Trinitite may or may not owe its name to a poem.

In July 1945, at a spot 210 miles south of Los Alamos, N.M., the United States set off the first atomic bomb.

The heat of blast melted the desert sand for about 350 meters around the bomb, creating a layer of glassy green rock — “trinitite” — with the appearance of broken and boiled jade.

Trinitite contains quartz grains, radioactive atoms created by the explosion, and tiny fragments of the bomb itself. Though it is still “slightly radioactive,” it is a favorite of collectors (internet buyers beware — many rocks advertised as trinitite are counterfeit) and was even turned into jewelry for a time, before people decided that wearing radioactive baubles was maybe not such a good idea.

Trinitite is named for “Trinity,” the code word J. Robert Oppenheimer chose for the bomb test. He couldn’t remember exactly why he picked the name, he wrote, but thought it had something to do with two John Donne poems that were on his mind around that time.

One passage in particular resonated — “As west and east / In all flat maps (and I am one) are one / So death doth touch the resurrection.” West and east, death and life — it seems more two than three, but for Oppenheimer the spiritual connection must have overruled the math.

In any case, Oppenheimer wasn’t the only one who called up sacred metaphors to resolve the paradox of the operation’s double-nature. James Conant, the president of Harvard University, who witnessed the Trinity test, called it “white light like the end of the world.”

Physicist Ernest O. Lawrence described viewers’ reactions as “a hushed murmuring bordering on reverence.” General Thomas Farrell said it “made us feel that we puny things were blasphemous.”

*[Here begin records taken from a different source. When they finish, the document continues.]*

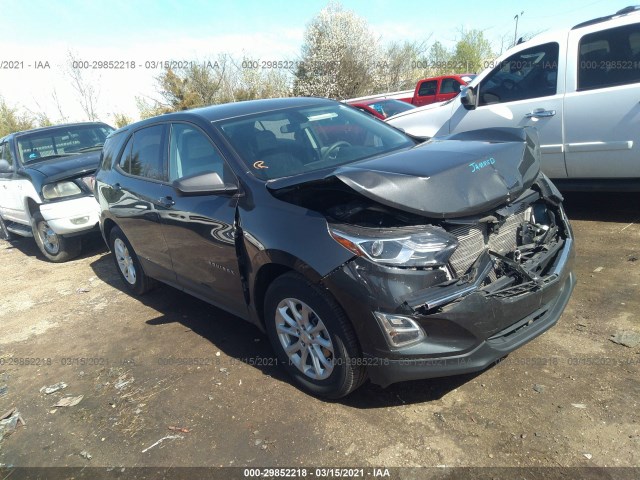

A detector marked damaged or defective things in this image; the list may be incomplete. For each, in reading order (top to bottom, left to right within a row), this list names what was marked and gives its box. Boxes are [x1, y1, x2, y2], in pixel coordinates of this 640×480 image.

crumpled hood [26, 152, 101, 184]
crumpled hood [336, 126, 540, 218]
damaged gray suv [95, 96, 576, 398]
broken headlight [328, 224, 458, 268]
damaged front bumper [322, 208, 576, 388]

But if the solar system itself could have somehow watched and commented on the explosion, it might have said: been there, done that.

The extreme heat generated by the Trinity test may Ultrabet have been something genuinely new for humanity, but for a solar system frequently rattled by the collisions of colossal space rocks, one nuclear test is pretty ho-hum.

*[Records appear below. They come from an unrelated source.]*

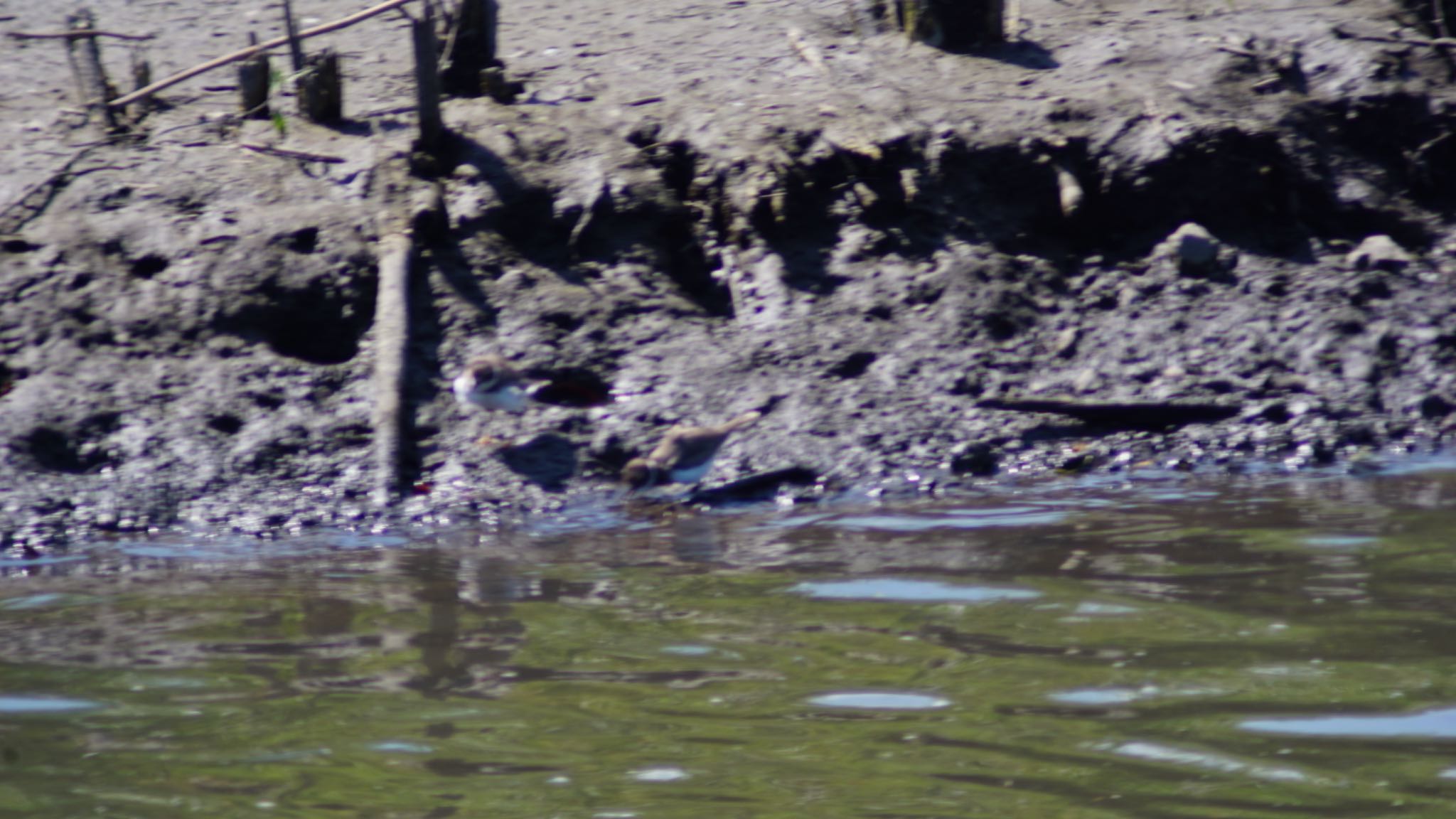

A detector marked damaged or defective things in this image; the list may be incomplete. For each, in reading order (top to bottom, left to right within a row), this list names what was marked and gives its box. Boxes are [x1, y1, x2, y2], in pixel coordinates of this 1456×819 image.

broken wooden post [64, 9, 119, 131]
broken wooden post [237, 31, 272, 117]
broken wooden post [296, 49, 342, 122]
broken wooden post [410, 6, 442, 161]
broken wooden post [437, 0, 500, 96]
broken wooden post [885, 0, 1002, 49]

Scientists think it was one such collision that created the moon. According to their leading hypothesis, the moon came into being about 4.5 billion years ago, when a stray Mars-sized planet rammed into the Earth, creating a spray of debris that ultimately coalesced into a moon.

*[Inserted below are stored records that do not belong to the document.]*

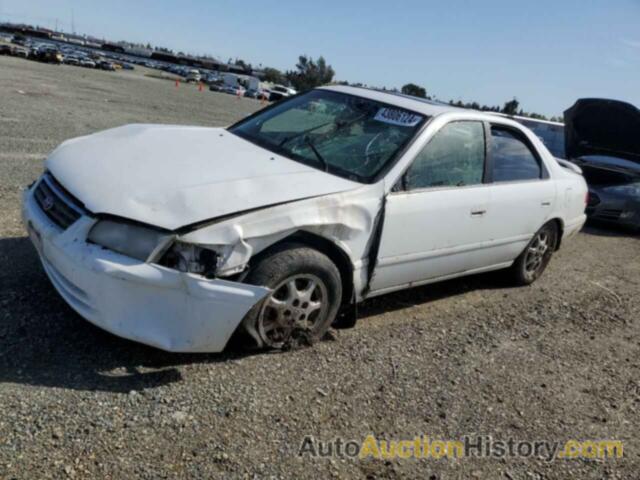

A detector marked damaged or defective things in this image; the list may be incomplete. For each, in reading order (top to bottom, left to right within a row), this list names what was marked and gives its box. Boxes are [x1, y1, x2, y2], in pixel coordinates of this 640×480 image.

crumpled hood [47, 123, 360, 230]
damaged white car [23, 85, 584, 348]
crumpled hood [564, 98, 640, 164] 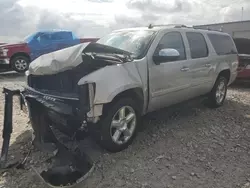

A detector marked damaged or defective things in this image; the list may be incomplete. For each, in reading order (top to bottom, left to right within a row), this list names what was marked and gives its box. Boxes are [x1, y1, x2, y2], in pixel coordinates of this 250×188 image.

damaged front end [0, 42, 134, 187]
crumpled hood [28, 42, 132, 75] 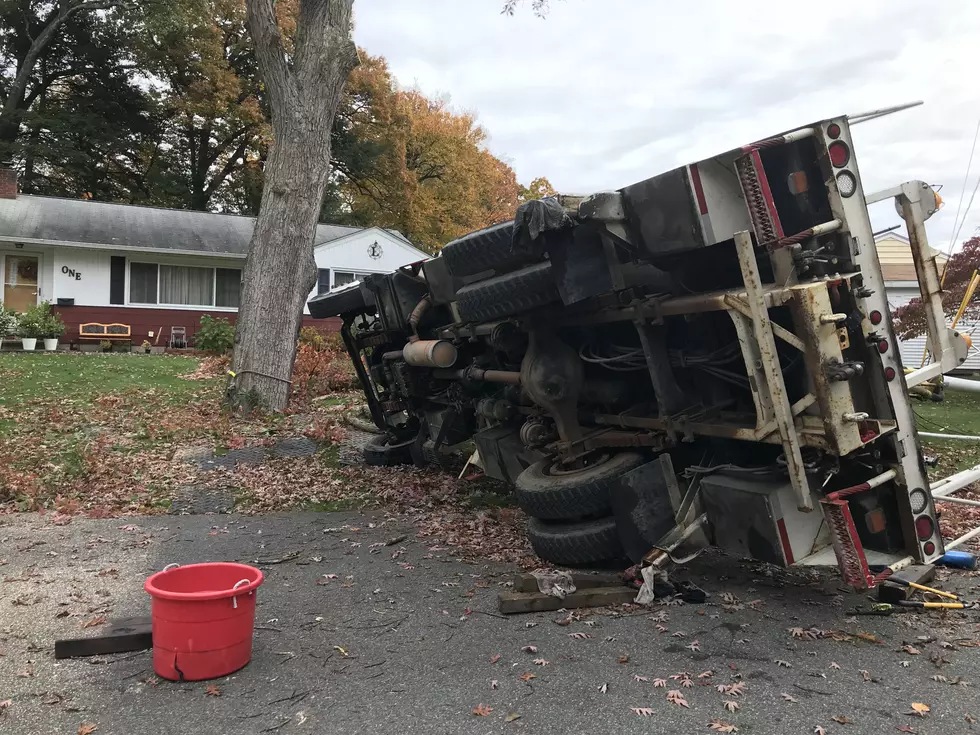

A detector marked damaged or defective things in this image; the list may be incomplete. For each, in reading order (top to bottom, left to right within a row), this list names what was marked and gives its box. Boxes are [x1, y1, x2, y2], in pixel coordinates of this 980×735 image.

overturned truck [310, 106, 976, 588]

To work out the details of the scenario, planetary scientists can analyze moon rocks that have made it to Earth, examining which isotopes they contain and comparing them to ordinary Earth rocks.

But it’s nearly impossible to reproduce in the lab the extreme conditions under which the moon formed. That’s why researchers are turning to trinitite: it’s been through some pretty extreme stuff, and gives researchers a chance to see first-hand how a searing blast changes the chemistry of rock.

Now, planetary scientists have compared trinitite with lunar rocks collected by the Apollo astronauts, focusing in on isotopes of zinc and other “volatiles” that tend to boil away. The heat of the blast vaporized these elements out of the sand, so that the trinitite closest to the center of the explosion has the fewest volatiles. The researchers also found that the remaining zinc was unusually rich in heavy isotopes, which are less inclined to evaporate away.

That all matches predictions, bolstering researchers’ confidence that their ideas about the genesis of the moon are correct: that the story of the moon is another tale of creation by destruction, a new world made from the ashes of an old one.

Would Donne have appreciated it? Who knows. And ultimately, after all the sensitive grappling for words, all the invocations of poetry and holy symbols, everyone settled on a humbler name for what they’d seen at Trinity.

It wasn’t death touching resurrection. It was just a big old mushroom.